* _Assignment_:
Go through the records below and count every line containing "Hotel". Reply with the count alone.

* _The records_:
---------------

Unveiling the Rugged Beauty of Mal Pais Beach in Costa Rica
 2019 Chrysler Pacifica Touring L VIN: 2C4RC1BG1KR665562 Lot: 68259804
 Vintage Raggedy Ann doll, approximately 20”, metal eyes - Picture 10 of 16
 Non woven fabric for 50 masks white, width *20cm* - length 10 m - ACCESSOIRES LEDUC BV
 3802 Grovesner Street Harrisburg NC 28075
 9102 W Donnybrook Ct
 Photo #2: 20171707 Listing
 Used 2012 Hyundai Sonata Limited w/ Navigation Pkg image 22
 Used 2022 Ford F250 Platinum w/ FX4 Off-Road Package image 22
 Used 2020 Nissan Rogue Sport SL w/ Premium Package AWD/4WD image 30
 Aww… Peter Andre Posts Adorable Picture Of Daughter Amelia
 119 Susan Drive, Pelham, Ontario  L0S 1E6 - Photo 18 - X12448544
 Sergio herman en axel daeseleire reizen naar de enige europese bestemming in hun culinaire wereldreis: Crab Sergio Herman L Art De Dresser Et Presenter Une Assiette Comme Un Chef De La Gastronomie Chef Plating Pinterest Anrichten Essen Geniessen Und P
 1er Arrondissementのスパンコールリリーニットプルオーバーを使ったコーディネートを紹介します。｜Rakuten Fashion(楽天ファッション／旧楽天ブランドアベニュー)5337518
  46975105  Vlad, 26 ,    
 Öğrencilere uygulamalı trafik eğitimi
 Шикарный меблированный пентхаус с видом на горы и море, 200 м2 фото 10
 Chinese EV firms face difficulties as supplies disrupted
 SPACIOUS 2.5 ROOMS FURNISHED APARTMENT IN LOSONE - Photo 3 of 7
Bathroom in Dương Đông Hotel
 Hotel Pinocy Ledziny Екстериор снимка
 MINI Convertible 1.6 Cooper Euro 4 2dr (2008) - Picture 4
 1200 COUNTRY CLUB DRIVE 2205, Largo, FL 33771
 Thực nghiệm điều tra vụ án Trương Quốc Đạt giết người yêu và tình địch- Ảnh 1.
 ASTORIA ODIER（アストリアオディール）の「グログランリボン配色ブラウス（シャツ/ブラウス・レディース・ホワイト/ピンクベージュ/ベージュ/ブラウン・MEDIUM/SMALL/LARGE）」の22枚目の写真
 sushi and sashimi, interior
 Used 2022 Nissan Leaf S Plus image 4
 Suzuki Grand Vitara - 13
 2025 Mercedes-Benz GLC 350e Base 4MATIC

---------------

* _Response area_:
2